Notiamo, fra le tante particolarità di questo frammento, che il Lazzaretto è ancora integro, non sezionato dal rilevato ferroviario che negli anni ’60 (del XIX secolo, ovviamente) ne ha praticamente decretato la sua fine; quel “circolino” al centro del Lazzaretto è la chiesa di san Carlo, tuttora presente, posta lungo il viale Tunisia in corrispondenza della via Lecco.
La stazione era indispensabile per consentire il raccordo delle linee per Como e Varese che partivano dalla stazione di Porta Nuova (quella originale sul Melchiorre Gioia) con quelle per Treviglio e Venezia che partivano da Porta Tosa (zona Vittoria).
Sebbene il progetto dell’architetto Bouchot fosse poco lungimirante (la stazione rimase in esercizio per meno di settant’anni e poi fu demolita) la dimensione del fabbricato viaggiatori (235 metri) e degli impianti necessari richiedeva uno spazio adeguato, ma la scelta dell’area che oggi corrisponde a piazza della Repubblica, richiedeva necessariamente una nuova via di accesso, la via Principe Umberto.
Le soluzioni potevano essere molteplici, ma fu scelta quella di aprire un nuovo percorso da piazza Cavour (piazza della Canonica), che fino a quel momento presentava – superati gli archi uscendo da via Manzoni – due sole possibilità di instradamento (tralasciando la strada che costeggiava il naviglio) e cioè la strada Isara o Risara (l’attuale via Palestro) che conduceva alla Porta Orientale (cioè Porta Venezia) e la strada della Cavalchina (l’attuale via Daniele Manin) che permetteva di arrivare alla zecca e proseguendo agli orti lungo i bastioni oppure di portarsi sulla strada di sant’Angelo, parte dell’attuale via Moscova.
Ma questa decisione, l’apertura del nuovo tracciato, fece una “vittima” illustre, la chiesa di San Bartolomeo, che era collocata proprio all’inizio della nuova via.
La via Principe Umberto anziché essere attestata in piazza Cavour (salvando la chiesa…) avrebbe potuto diventare in realtà quella che oggi è la via Principe Amedeo e le relative continuazioni (via Marco de Marchi e via dei Giardini) che però sono state realizzate solo tempo dopo…
Via Turati oggi è diventata una via di passaggio, con autovetture perennemente in doppia fila, motorini ovunque sui marciapiedi e pochi elementi architettonicamente o culturalmente interessanti;

PIAZZALE FRANCESCO BARACCA

Ad inizio secolo, la città era ancora racchiusa entro le vecchie mura medioevali.
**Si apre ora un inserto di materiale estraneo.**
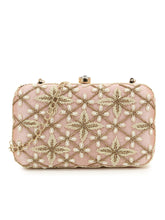 Adorn Embellished Faux Silk Clutch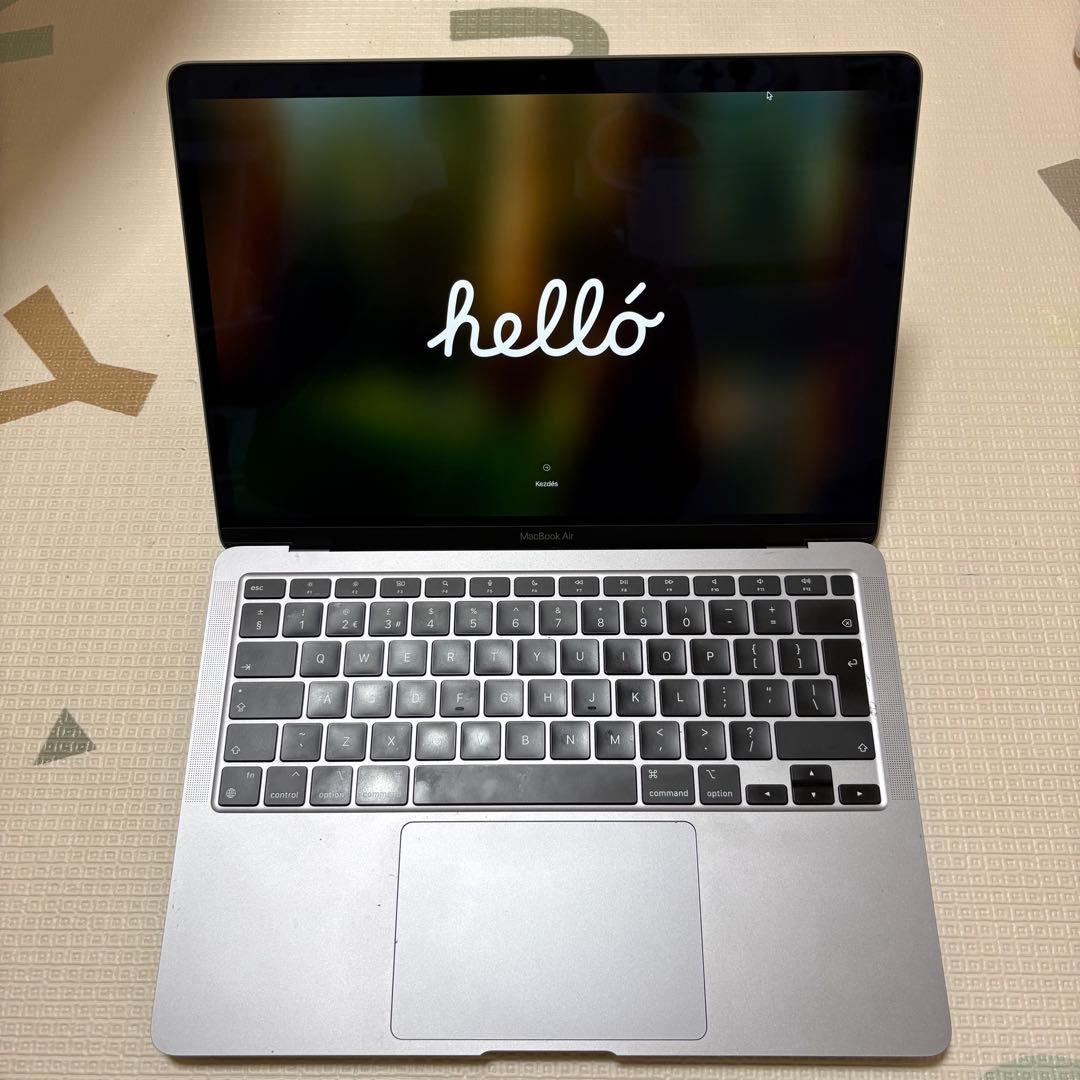 M1 MacBook Air メモリ16GB UKキーボード 容量1TB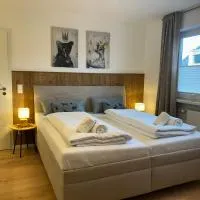 Apartments in Aufhausen - 1 & 2 Raum Wohnungen im 5-Seen-Land,位于施坦贝尔格湖畔贝格的酒店
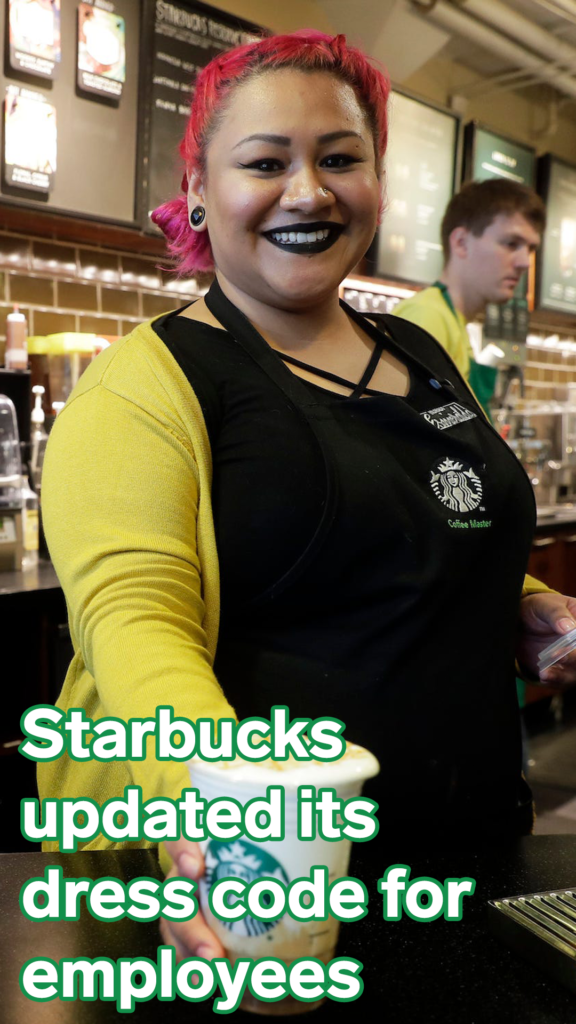 Starbucks Employee Dress Code Starbucks Baristas Are Celebrating As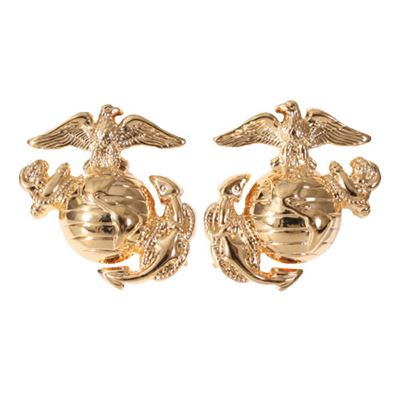 Anstecker SUBDUED MARINE CORP GLOBE & ANCHOR GOLD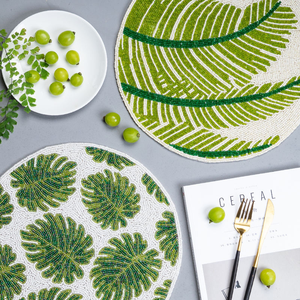 แผ่นรองจานที่เป็นมิตรต่อสิ่งแวดล้อมสไตล์ยุโรปคลาสสิกงานแฮนด์เมดแผ่นรองจานลายเปลือกหอยมุก - Product Image 5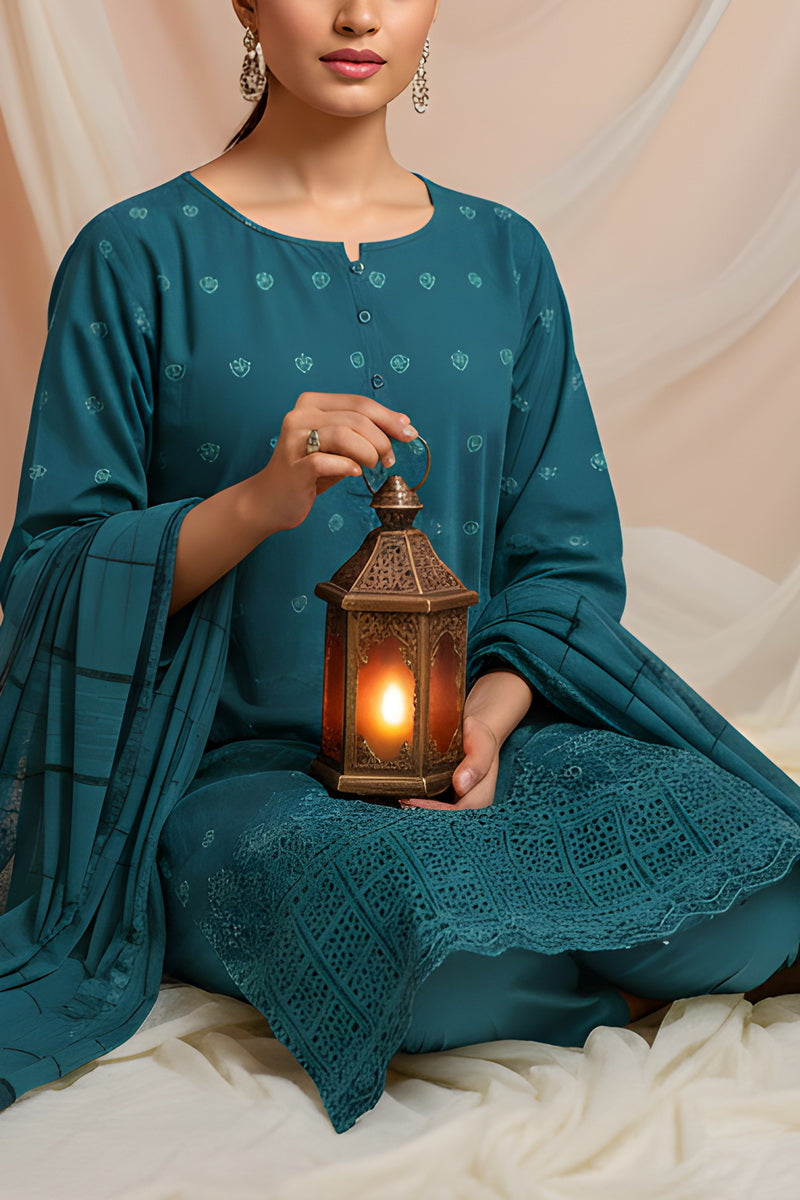 Nayab Peach Emb D-457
Tutta la zona esterna, a parte qualche edificio subito fuori porta, era naturalmente aperta campagna, una vasta distesa di prati e rogge, con qualche casolare sparso qua e là. A suo tempo, era stato anche territorio di caccia dei vari duchi succedutisi alla guida di Milano nel corso dell’ultimo secolo, da Gian Galeazzo Visconti a Francesco II Sforza. L’antica Porta Vercellina, si trovava allora, all’altezza dell’incrocio via Carducci-Corso Magenta (cerchia interna dei Navigli).
Con l’arrivo degli spagnoli, per rinforzare le difese della città, il governatore di allora, Don Ferrante I Gonzaga, fece costruire tra il 1548 e il 1562 dei nuovi bastioni, dando maggior sfogo alla città. L’antica Porta Vercellina, che era una delle sei porte principali della Milano di allora, venne naturalmente spostata alcune centinaia di metri più in là, poco oltre la Basilica di Santa Maria delle Grazie e la Casa degli Atellani. alla fine del Borgo delle Grazie.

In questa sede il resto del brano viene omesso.